When you make the jump from a sailboat with an auxiliary 5.5 hp motor to a motorboat with an 18, you start using a lot more fuel. This gets you thinking little harder about measuring the fuel you are using.

The obvious reason for measuring fuel use is knowing whether or not you will make it back home on the fuel you have. But there are other reasons. Comparing the efficiencies of various engines is one. Another is finding the most efficient rpm on the engine you have. Yet another is measuring the effects of modifications. And finally, monitoring fuel consumption can sometimes provide early warning of mechanical problems.

Measuring Fuel Consumption

So let’s look at how to measure fuel use.

How the pros do it

Of course there are marine and industrial fluid flow measuring systems. If you have a diesel you can only do it this way. A diesel uses the fuel to cool the injectors, so it always pumping excess (hot) fuel back to the tank. You have to measure both sides and compare them, which is more complicated than I would want to mess with. I think this might also be the case with fuel injected four-stroke gasoline engines. Note that your car probably has three fuel lines. I think those are the feed, fuel return and vapor return. Suffice it to say that things are much simpler (and cheaper) with one-hose two-stroke outboards.

The Michalak Method

The only effort I know of to measure fuel consumption in old outboards was made by small craft designer Jim Michalak. The results can be found in his book, Boat Building for Beginners (and Beyond!). Here’s how Jim did it.

click images to enlarge

Basically he used a soda bottle of constant diameter as a graduated cylinder in place of the fuel tank. He had to switch the fuel line to this little tank, pump the primer, and run the engine until the fuel got down to the starting line. Then he would time the run until the fuel burned down to the finish line. Knowing the time, speed and volume, he could calculate efficiency. If you do it this way, don’t forget the little vent hole in the cap!

The trouble he found is that his bottle only had a narrow range of linear response. Beyond a certain point fuel would cease to be drawn from the bottle, and instead would seemingly be drawn from the primer bulb.

Gravity Feed

The main problem with Jim’s system is the unknown influence of the primer bulb. Let’s get that out of the picture. We do this by feeding the fuel by gravity, and using the primer bulb only to pump fuel into the measuring bottle. This means we need some kind of siphon-breaker and a measuring cylinder. It would be nice to have valves to switch from tank to measurement system, but I couldn’t see spending $30 on plumbing parts for that convenience. I just unplug one fitting and replace it with the other as fast as I can, so the carb doesn’t lose too much of its prime.

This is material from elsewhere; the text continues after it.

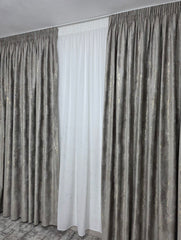 Set Aria: Perdea Din Matase Moale Cu Insertii Aurii Pe Jumatate Si Draperie Din Catifea Grej Deschis Cu Insertii Aurii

Here’s how it works if you use a bottle:

You use a primer bulb (or other pump) to pump fuel into the jar from your spare fuel tank. Then start timing as the level passes a mark. You can run from the measuring bottle for as long as you feel like pumping fuel into it.

Bottles

Making space for three fittings on the lid limits our choice of bottles. Two 1/8” pipe fittings and a vent will not fit on the lid of the average soda bottle. Maybe with one of those wide mouthed 20-ounce or one-liter bottles. But it seems that the lids are made of a plastic that doesn’t glue readily. For a small motor a glass spice jar with a metal lid might work, since epoxy will stick to roughed-up steel. Just remember you’re looking for tall and narrow, but not tapered. Maybe a fancy olive oil bottle. I think some fancy liquor comes in tall, narrow bottles too. But look for something sturdy. Broken glass and gasoline all over the cockpit cannot possibly be a good thing.

But I made mine a little differently. It might actually be less work than fighting with these bottles.

Narrower

We can make this thing thinner for better resolution if we can use both ends of the tube, so only two fittings on a given end are needed. Here’s how it is laid out.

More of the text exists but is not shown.